Music at Mars Hill: A Closer Look at Mylo Xyloto

Music at Mars Hill: A Closer Look at Mylo Xyloto November 9, 2011

Music at Mars Hill is a weekly column by Luke Larsen that seeks to find God amidst the newest trends in both mainstream music and independent music.

I previously wrote a bit of a rant here on Music at Mars Hill on why Coldplay was moving closer and closer to populist ambiguity when they released their EP leading up to Mylo Xyloto. And now that we’ve got the full album, there’s been a lot of talk about the thing (as is to be expected in a Coldplay release). A recent article over at ThinkChristian talks about how the album is a love-story of sorts and should inspire Christians to be vulnerable and willingly offer ourselves to others.

I recently tried out a new church close to where I recently moved. Each week I’ve gone, Coldplay’s Mylo Xyloto has consistently been the music playing in the background before the service started. While it’s important to remember that the meeting is a twentysomethings-oriented group, I’ll admit that there is something fitting about the sounds of Chris Martin and company blasting through the church speakers. To many, particularly young Christians, albums like Viva La Vida and Mylo Xyloto have become the new go-to for those who have moved on past the shrinking pool that is CCM (Contemporary Christian Music). Despite the fact that Chris Martin is a self-proclaimed “Alltheist” (a made-up term meaning that he believes everything), when he sings about paradise, heaven, and being an inheritor of a kingdom, Christians have been singing along. But what is it about Coldplay, especially in their past two albums, that rings so true with Christians?

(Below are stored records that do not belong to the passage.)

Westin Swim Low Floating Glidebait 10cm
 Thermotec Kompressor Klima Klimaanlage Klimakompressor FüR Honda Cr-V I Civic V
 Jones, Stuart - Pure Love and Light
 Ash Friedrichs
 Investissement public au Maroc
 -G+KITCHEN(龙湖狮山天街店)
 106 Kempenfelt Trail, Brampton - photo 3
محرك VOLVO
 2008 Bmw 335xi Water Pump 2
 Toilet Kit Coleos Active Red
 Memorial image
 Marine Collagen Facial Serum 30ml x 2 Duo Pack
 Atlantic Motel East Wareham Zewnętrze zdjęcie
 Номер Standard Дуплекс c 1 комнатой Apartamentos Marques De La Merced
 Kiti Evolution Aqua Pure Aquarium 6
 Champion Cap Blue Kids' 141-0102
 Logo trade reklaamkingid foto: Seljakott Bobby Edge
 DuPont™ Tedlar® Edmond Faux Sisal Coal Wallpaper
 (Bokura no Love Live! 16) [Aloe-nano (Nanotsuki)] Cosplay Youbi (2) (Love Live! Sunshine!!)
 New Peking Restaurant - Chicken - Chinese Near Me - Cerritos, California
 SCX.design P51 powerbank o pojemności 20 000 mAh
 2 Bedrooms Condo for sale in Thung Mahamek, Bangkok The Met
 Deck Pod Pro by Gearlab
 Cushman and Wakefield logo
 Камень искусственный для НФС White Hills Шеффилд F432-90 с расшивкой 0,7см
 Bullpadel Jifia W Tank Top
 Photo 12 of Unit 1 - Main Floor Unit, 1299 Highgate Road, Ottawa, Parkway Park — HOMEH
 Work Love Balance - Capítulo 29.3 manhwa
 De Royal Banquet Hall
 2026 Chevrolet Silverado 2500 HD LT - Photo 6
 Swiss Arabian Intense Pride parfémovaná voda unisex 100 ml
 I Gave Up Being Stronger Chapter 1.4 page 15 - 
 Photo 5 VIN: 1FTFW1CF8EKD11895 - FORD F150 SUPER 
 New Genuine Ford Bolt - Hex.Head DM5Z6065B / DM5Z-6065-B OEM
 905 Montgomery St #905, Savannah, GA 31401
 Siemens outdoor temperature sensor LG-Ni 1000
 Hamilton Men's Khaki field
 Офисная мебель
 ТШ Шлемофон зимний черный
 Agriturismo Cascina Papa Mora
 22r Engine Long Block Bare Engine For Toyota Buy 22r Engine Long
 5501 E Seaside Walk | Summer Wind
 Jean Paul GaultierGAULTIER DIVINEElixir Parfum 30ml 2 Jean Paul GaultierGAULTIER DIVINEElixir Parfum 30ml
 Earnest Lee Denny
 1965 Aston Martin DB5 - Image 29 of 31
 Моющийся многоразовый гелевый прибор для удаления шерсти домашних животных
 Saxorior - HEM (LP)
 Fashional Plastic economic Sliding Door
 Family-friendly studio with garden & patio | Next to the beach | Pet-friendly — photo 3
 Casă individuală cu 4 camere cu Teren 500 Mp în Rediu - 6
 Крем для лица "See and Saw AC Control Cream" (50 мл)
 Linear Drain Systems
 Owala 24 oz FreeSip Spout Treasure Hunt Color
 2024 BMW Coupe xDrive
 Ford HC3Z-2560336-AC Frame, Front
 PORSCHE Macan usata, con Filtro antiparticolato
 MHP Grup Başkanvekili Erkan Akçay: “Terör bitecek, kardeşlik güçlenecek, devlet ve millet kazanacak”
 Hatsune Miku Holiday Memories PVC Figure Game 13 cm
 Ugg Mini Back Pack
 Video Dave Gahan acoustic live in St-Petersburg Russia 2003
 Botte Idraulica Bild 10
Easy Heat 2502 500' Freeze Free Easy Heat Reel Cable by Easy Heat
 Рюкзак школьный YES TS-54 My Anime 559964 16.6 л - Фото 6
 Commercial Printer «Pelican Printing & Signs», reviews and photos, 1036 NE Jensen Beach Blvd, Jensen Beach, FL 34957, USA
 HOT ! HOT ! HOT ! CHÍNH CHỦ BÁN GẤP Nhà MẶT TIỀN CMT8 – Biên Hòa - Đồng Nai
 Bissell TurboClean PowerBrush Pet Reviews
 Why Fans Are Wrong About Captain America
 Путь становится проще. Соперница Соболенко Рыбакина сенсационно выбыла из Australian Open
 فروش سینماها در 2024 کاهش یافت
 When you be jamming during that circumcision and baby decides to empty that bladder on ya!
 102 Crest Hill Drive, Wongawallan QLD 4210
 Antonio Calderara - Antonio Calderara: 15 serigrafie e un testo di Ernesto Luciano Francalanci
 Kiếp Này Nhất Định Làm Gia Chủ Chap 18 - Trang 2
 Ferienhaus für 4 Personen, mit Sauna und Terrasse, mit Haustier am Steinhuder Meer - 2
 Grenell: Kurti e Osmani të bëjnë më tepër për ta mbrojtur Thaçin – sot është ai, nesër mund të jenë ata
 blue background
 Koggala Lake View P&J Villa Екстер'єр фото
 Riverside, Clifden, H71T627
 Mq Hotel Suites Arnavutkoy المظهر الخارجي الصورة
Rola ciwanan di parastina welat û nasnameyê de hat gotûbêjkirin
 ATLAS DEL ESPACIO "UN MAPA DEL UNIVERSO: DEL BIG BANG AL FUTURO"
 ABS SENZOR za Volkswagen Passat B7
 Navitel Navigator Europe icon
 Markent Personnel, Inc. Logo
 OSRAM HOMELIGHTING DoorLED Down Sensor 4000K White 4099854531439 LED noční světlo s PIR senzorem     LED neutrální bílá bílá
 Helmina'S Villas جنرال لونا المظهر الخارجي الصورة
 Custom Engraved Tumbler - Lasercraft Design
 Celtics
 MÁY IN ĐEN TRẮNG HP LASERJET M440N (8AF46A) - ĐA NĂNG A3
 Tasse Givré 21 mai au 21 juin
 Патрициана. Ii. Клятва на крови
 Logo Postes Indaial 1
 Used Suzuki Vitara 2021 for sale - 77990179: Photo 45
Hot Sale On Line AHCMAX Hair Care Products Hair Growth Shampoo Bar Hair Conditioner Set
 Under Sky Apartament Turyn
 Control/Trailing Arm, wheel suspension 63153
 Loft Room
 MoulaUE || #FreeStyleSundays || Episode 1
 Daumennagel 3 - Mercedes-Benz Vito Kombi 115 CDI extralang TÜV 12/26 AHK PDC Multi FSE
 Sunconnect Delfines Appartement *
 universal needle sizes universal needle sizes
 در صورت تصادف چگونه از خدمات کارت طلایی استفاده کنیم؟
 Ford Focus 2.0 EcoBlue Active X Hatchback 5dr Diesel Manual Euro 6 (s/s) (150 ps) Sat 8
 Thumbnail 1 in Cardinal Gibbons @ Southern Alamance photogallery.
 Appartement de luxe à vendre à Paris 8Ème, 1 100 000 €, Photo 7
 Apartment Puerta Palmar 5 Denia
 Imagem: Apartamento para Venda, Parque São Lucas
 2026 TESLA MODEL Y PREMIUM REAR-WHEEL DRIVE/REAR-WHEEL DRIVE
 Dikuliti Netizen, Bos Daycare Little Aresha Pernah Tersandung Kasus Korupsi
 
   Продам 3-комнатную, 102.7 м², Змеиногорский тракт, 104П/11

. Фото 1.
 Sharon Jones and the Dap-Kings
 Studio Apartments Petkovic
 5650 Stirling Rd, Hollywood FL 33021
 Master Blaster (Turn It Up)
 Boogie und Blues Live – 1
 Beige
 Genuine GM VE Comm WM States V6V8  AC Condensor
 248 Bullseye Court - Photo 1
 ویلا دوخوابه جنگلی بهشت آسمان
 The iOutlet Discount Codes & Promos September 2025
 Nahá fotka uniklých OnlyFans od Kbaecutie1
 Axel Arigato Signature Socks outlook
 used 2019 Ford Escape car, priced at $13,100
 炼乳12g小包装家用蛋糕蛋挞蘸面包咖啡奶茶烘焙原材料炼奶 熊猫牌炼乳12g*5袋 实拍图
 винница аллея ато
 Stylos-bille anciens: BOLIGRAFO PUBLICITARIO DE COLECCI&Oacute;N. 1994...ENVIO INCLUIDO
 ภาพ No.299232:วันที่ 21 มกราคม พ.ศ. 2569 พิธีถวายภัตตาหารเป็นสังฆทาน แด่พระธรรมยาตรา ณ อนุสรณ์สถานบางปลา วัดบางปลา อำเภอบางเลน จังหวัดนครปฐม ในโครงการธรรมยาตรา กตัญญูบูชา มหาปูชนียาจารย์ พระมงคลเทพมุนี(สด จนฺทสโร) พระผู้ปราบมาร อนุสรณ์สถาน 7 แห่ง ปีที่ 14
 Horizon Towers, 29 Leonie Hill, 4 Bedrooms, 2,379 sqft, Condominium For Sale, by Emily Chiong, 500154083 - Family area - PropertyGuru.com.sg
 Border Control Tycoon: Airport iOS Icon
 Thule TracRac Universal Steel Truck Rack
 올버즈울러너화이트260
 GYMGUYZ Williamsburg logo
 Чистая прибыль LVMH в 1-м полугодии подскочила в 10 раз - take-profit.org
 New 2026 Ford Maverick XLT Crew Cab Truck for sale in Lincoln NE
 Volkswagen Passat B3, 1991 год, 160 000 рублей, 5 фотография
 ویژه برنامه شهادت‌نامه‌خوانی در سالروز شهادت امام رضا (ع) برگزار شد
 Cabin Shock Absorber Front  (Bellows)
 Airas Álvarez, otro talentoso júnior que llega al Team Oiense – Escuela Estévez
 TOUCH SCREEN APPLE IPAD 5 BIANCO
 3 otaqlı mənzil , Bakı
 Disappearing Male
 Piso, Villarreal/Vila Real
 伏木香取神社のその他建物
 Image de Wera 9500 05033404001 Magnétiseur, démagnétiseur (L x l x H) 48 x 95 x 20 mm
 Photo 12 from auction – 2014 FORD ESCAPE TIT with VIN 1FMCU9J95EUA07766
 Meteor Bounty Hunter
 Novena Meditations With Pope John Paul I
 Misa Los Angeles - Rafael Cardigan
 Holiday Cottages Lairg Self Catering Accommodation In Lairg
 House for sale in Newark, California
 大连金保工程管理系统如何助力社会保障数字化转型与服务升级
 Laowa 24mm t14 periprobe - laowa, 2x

The more I listened to Mylo Xyloto, the more I began to see that Coldplay was picking up on many of the same things CCM had been emphasizing for so long. Pitchfork recently published a fascinating feature on why “Big Music,” or epic stadium-sized rock, has taken the rhetoric of Christianity and spirituality to make something accessible to our secularized culture:

“When I see religious art, I tend to admire it but not connect with it on any gut emotional level. As an atheist, I see a stained-glass apocalypse, and I can coolly reconstruct the awe, excitement, and fear that might have bubbled up in the medieval mind. But I can’t feel it. And the same—for all its beauty—goes for gospel. But the Big Music—deploying the emotion of religion within an aesthetic I do relate to—can sometimes push buttons I don’t necessarily want pushed. At its frequent worst, it triggers the same disgusted flight-impulse a TV preacher might. At its rare best, though, it makes me want to believe.”

In other words, when you hear artists like Florence + The Machine or Coldplay reference Christian themes or act as “Big Music,” they definitely are not doing it to pander to Christians. Instead, in the same way they use references to other genres, they are using that same rhetoric to achieve a parallel spiritual/musical experience for people that would otherwise rejects such notions. There is a reason Coldplay chose the nonsensical word “Mylo Xyloto” for the name of their new album; its literal meaning is left empty to emphasize the grandness of its scope that all people can relate to. For us as Christians, it’s okay for us to let Coldplay and other “Big Music” point us to the grand, epic, and massive thing it is imitating.